SUPPLIED MATERIAL Start Marker

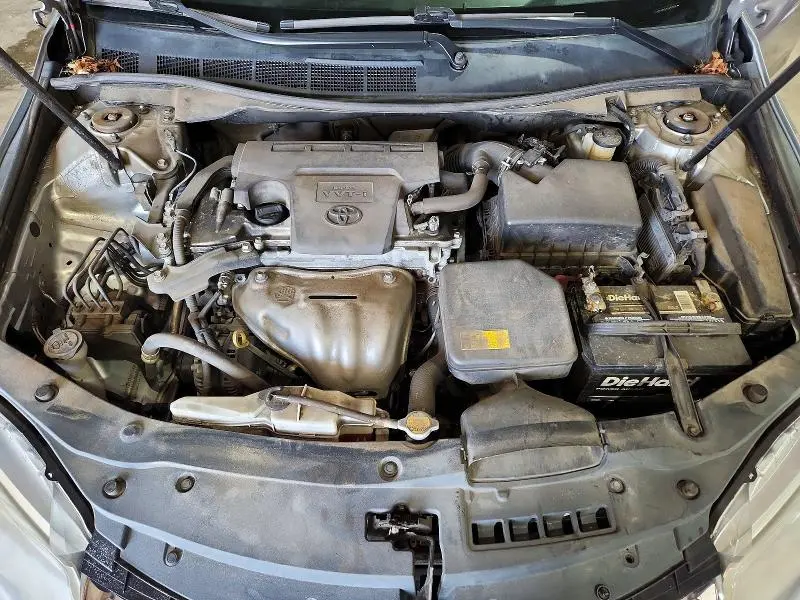 2015 TOYOTA CAMRY LE  
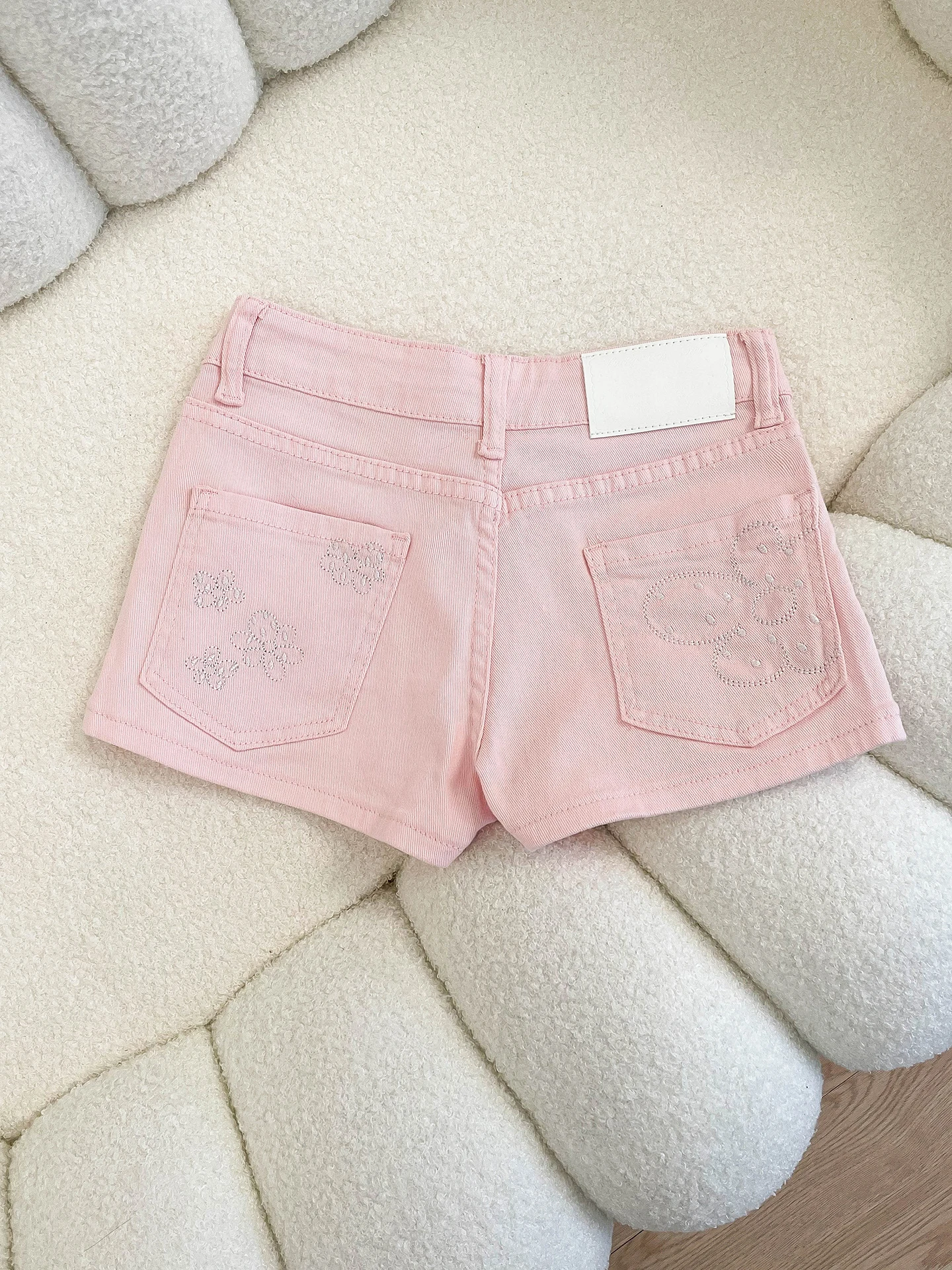 Women's Slim Fit Elasticated Short Jeans High Waist Machine Embroidery Back Pocket Design Breathable Comfortable Summer Hot P...
Women's Slim Fit Elasticated Short Jeans High Waist Machine Embroidery Back Pocket Design Breathable Comfortable Summer Hot P...
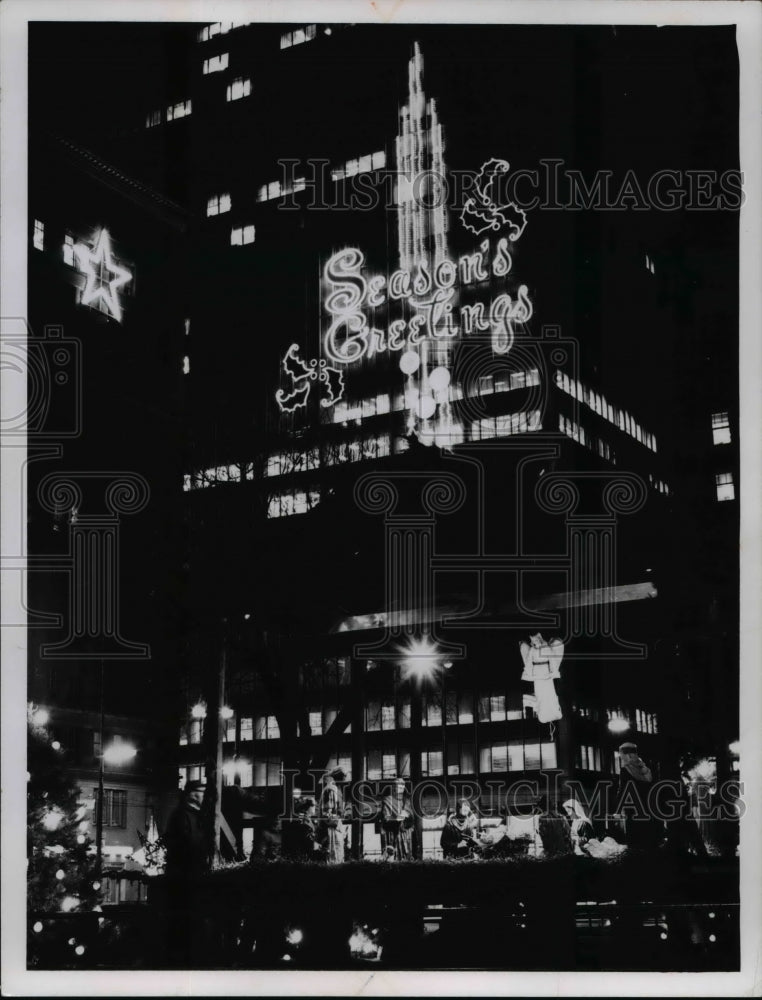 1965 Press Photo Christmas Decorations on Public Square - cva92071-Historic Images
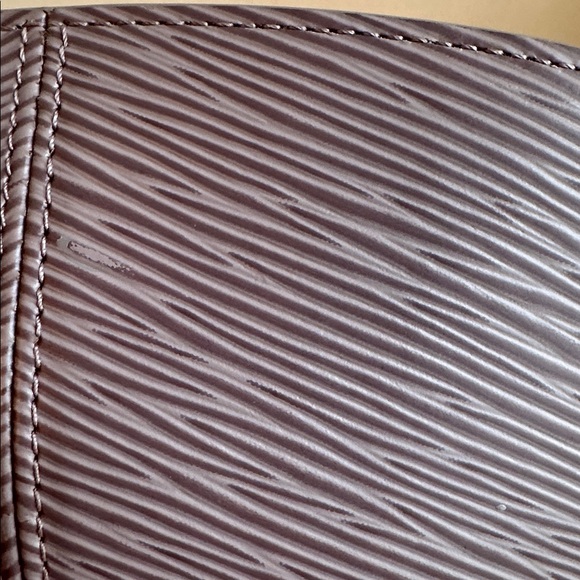 Vintage Louis Vuitton Lilac Epi Demi Lune Zip Wallet with box and dustbag VI0031 - Picture 16 of 17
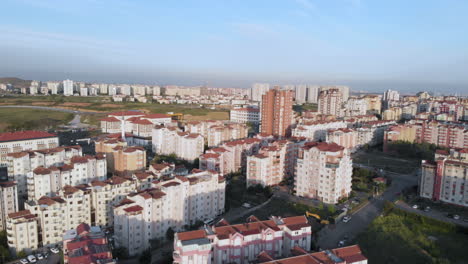 edificios residenciales con diseño y color estándar en un distrito residencial del área de estambul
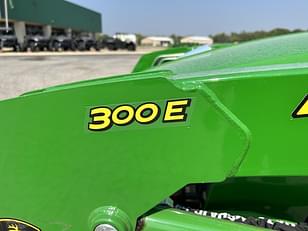 Main image John Deere 3043D 12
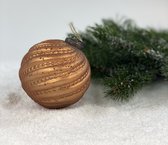Oneiro's luxe kerstbal STRAAL Koper – ø10 cm - kerstbal - luxe verpakking – kerstcollectie – kerstdecoratie – kerstboomhanger – kerstversiering – goud
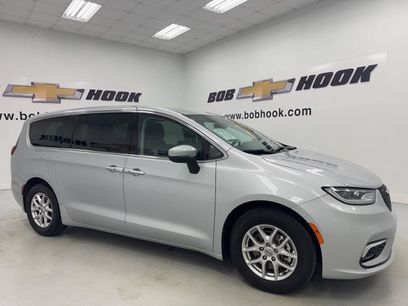 Used 2023 Chrysler Pacifica Touring-L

SUPPLIED MATERIAL End Marker

Starting with the first line of the data, transcribe every line exactly through the one containing "1965 Press Photo". No pictures go in.

 2015 TOYOTA CAMRY LE  
 Women's Slim Fit Elasticated Short Jeans High Waist Machine Embroidery Back Pocket Design Breathable Comfortable Summer Hot P...
Women's Slim Fit Elasticated Short Jeans High Waist Machine Embroidery Back Pocket Design Breathable Comfortable Summer Hot P...
 1965 Press Photo Christmas Decorations on Public Square - cva92071-Historic Images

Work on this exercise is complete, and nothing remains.